Währungen, Geld und digitale Token

Thomas Jordan, Präsident des Direktoriums

Jubiläum 30 Jahre WWZ und VBÖ, Universität Basel, Basel, 05.09.2019

Die Digitalisierung im Finanzsektor und insbesondere Innovationen im Bereich von Währungen und Geld sind für Zentralbanken von grossem Interesse. Digitales "Tokengeld" ist eine solche Innovation. Es ist jüngst, neben Bargeld und Buchgeld, als eine weitere Form von Geld entstanden.

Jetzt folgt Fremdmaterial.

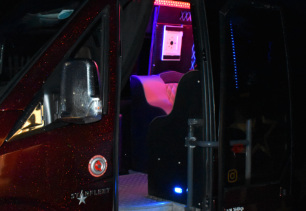 Interior lights on display at nightime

Das heutige Verständnis von digitalem Tokengeld ist wesentlich durch Kryptowährungen wie beispielsweise Bitcoin geprägt worden. Kryptowährungen und darauf basierende digitale Token sind aufgrund ihrer grossen Wertschwankungen als Zahlungs- und Wertaufbewahrungsmittel sowie als Recheneinheit jedoch nur beschränkt nützlich. Krypto-Token haben nicht die Eigenschaften von "gutem" Geld, das sich generell durch Wertstabilität auszeichnet, aber auch durch breite Akzeptanz und die Möglichkeit, damit effizient zahlen zu können. Vor diesem Hintergrund scheint es aus heutiger Sicht unwahrscheinlich, dass Krypto-Token in der Schweiz verbreitet als Geld eingesetzt werden.

Anders könnte es sich mit Stable Coins verhalten. Auch dabei handelt es sich um privat emittierte digitale Token. Stable Coins sind aber so konzipiert, dass sie möglichst geringe Wertschwankungen gegenüber offiziellen Währungen beziehungsweise wertstabilen Anlagen aufweisen sollen. Grundsätzlich haben sie deshalb das Potenzial, als Geld grössere Verbreitung als Krypto-Token zu finden. Daher müssen Stable Coins aus regulatorischer und geldpolitischer Perspektive genau analysiert und eingeordnet werden. Die Messlatte für eine Beurteilung bezüglich Nutzen, Effizienz, Zuverlässigkeit und Sicherheit sind die heutigen Systeme und die bestehende Regulierung für vergleichbare Aktivitäten. Erst der Wettbewerb unter gleichen Bedingungen wird zeigen, ob Stable Coins eine nützliche und effiziente Ergänzung zum heutigen Bar- und Buchgeld sein können.

Neben dem Privatsektor könnten auch staatliche Institutionen wie Zentralbanken digitales Tokengeld emittieren. Grundsätzlich gibt es zwei Einsatzgebiete, die dafür in Frage kommen: Zum einen könnte allen Haushalten und Unternehmen Zugang zu Token gewährt werden. Zum anderen könnten Token nur Geschäftsbanken und anderen Finanzmarktakteuren zur Verfügung gestellt werden, so wie heute die Sichtguthaben bei der Zentralbank.

In der Schweiz wäre ein Zugang zu digitalem Zentralbankgeld für alle Haushalte und Unternehmen, ob in Form von Franken-Token oder von Sichtguthaben, mit Risiken verbunden. Dazu kommt, dass der bargeldlose Zahlungsverkehr in der Schweiz zuverlässig, sicher und effizient ist und ständig weiterentwickelt wird. Die SNB steht deshalb dem Zugang zu digitalem Zentralbankgeld für alle Haushalte und Unternehmen kritisch gegenüber.

Die Einführung eines staatlich emittierten digitalen Tokens allein für Finanzmarktakteure bedarf einer genauen Analyse. Falls sich in der Finanzindustrie die Wertpapier-Token durchsetzen, wird sich die Frage stellen, ob für die neuen Finanzmarktinfrastrukturen auch staatlich emittiertes digitales Tokengeld als Zahlungsmittel nötig sein wird. Die SNB verfolgt die Entwicklungen mit grossem Interesse und beteiligt sich aktiv an den Diskussionen, künftig auch im Rahmen des BIZ-Innovation-Hub.